-- Input data --
== Segment start ==

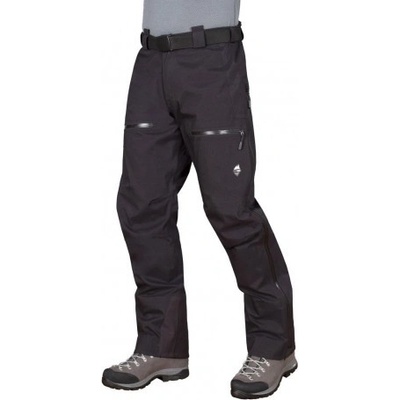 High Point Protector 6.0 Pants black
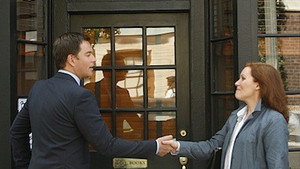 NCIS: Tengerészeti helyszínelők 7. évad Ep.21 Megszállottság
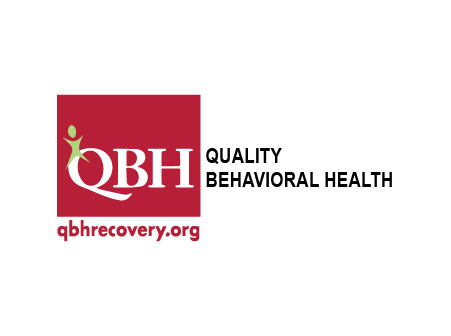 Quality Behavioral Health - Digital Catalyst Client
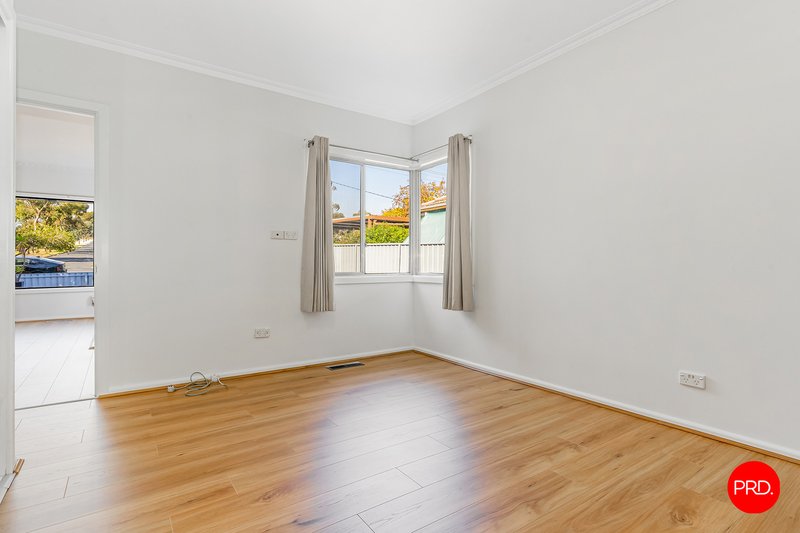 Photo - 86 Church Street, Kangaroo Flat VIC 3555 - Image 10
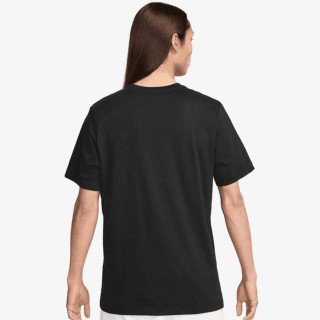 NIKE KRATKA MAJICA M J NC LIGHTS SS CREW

== Segment end ==
== Segment start ==

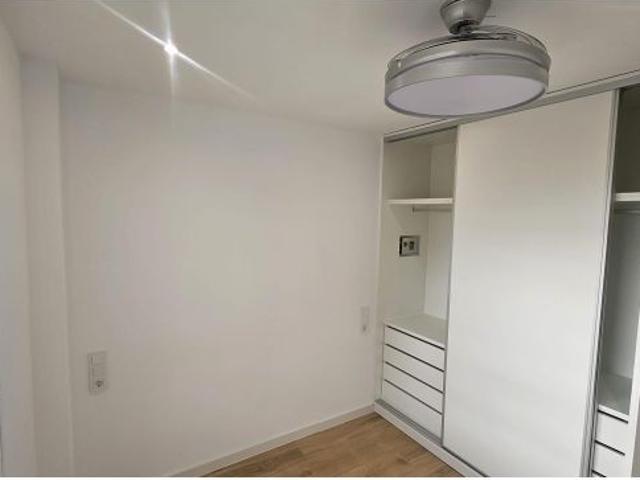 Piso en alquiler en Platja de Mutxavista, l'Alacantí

== Segment end ==
== Segment start ==

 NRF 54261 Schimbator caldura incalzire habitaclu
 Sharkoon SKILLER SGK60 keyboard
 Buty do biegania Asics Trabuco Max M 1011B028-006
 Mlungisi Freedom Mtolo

== Segment end ==

-- Task prompt --
The result should be an exact copy of only the lines above from the one that holds "NCIS: Tengerészeti helyszínelők" through the one that holds "NIKE KRATKA MAJICA M J NC LIGHTS SS CREW", both ends included, without pictures.

-- Task response --
 NCIS: Tengerészeti helyszínelők 7. évad Ep.21 Megszállottság
 Quality Behavioral Health - Digital Catalyst Client
 Photo - 86 Church Street, Kangaroo Flat VIC 3555 - Image 10
 NIKE KRATKA MAJICA M J NC LIGHTS SS CREW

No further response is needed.